It was Rich who'd once told me of a place — a virtual warehouse— where ideas that were too dangerous to transpose into hardware were locked away forever, like the Ark of the Covenant in the final scene of Raiders of the Lost Ark. It had almost happened to stealth.

By starting with stealth, something that I knew about, something I could see, maybe I could pick up traces of that energy, the friction that astronomers looked for when hunting down black holes.

In the year ahead, the calendar of aerospace and defense events showed that I had multiple excuses for visiting the States — to look for the selfgenerated heat of a buried antigravity effort's interaction with the real world.

As I sat behind my desk, calling contacts and sources in an effort to plug holes in the incomplete, still highly secret history of stealth, I could hear the faint echo of a signal. It was almost impossible to decipher, but the cold side of my training, the part I kept separate from the muffled wing beats of the creature let loose upon my thinking by Marckus, said antigravity had something to do with the shared origins of the two most powerful weapons of the 20th century — stealth and the atomic bomb.

Have Blue would never have happened, but for the work of a retired Lockheed math guru named Bill Schroeder and a Skunk Works software engineer named Denys Overholser. Schroeder revisited a set of mathematical formulae originally derived by Maxwell and refined by a turn-ofthe-century German electromagnetics expert called Arnold Johannes Sommerfeld. Between them, these two physicists predicted the manner in which a given geometric shape would scatter or reflect electromagnetic radiation. A Russian, Pyotr Ufimtsev, honed their work into a more simplified set of equations in the early 1960s, but Ufimtsev could only apply the equations to the most basic geometric shapes. Schroeder's and Overholser's breakthrough had been to take Ufimtsev's concept and apply it to the inherently complex form of an aircraft, rejecting the regular smooth, curved lines of aerodynamic aesthetics in favor of a set of ugly flat, angled panels. If an aircraft could be broken down into hundreds, maybe thousands of these two-dimensional shapes, if each flat surface or "facet" could be angled in a way that would reflect an incoming radar beam away from its source, and if the combined shape could still create lift, then a true "stealth" aircraft was possible.

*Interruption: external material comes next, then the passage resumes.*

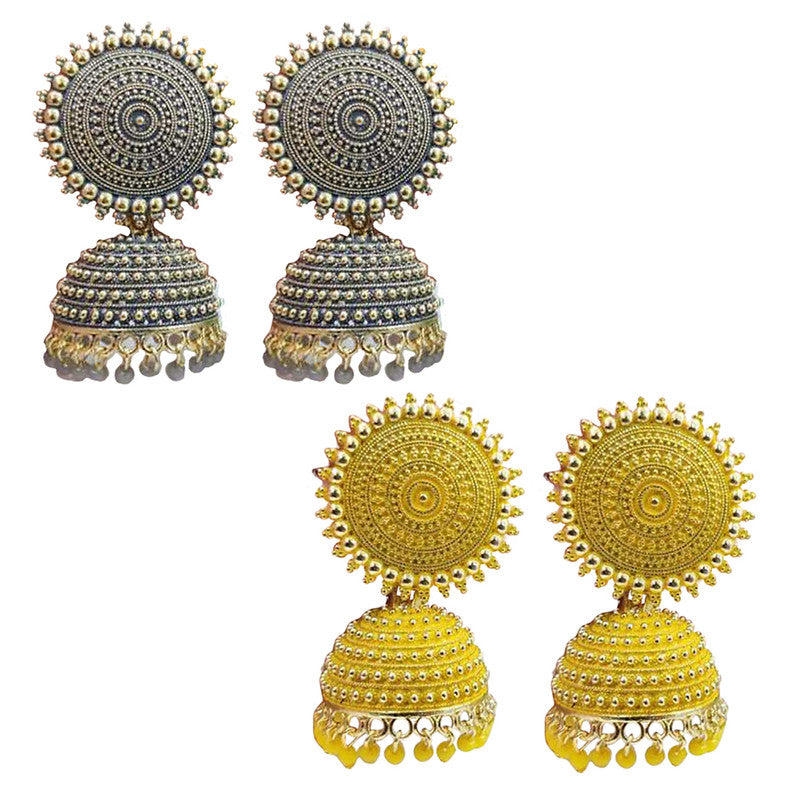 Combo of 2 Pretty Yellow and Grey Pearls Drop Dome Shape Jhumki Earrings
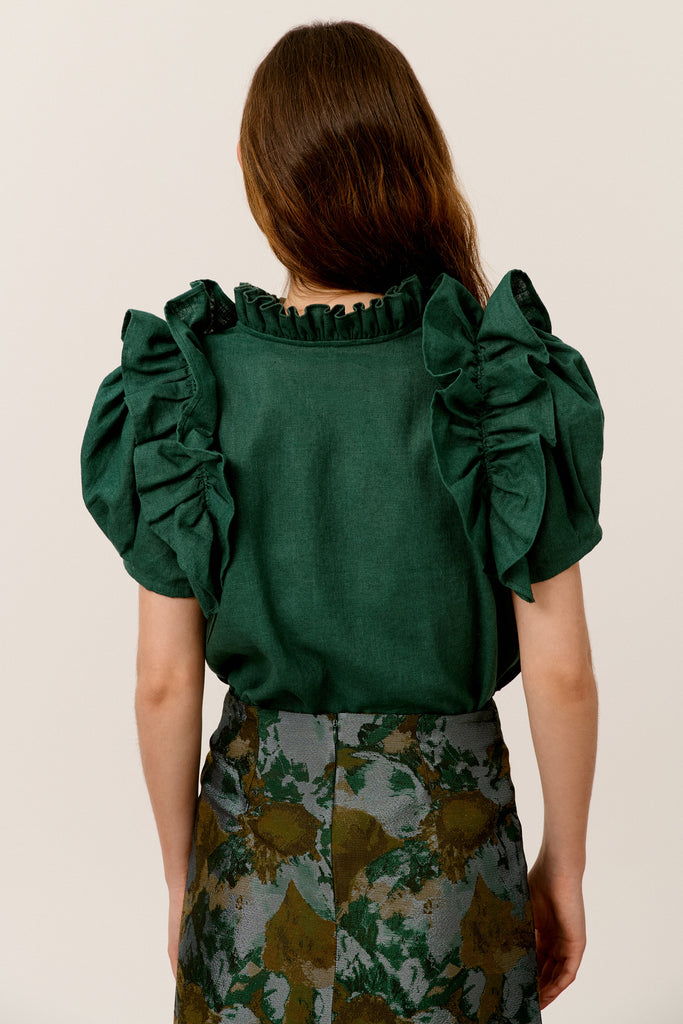 GREEN AMARETTI BLOUSE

The irony, of course, was that stealth was in part a Soviet invention. The Soviets had allowed Ufimtsev's paper to be published, because no one east of the Iron Curtain had entertained the idea that such a complex set of equations could ever be applied to an aircraft. It had taken Overholser to pick it out from hundreds of other ponderous Soviet science texts and draw the necessary conclusions.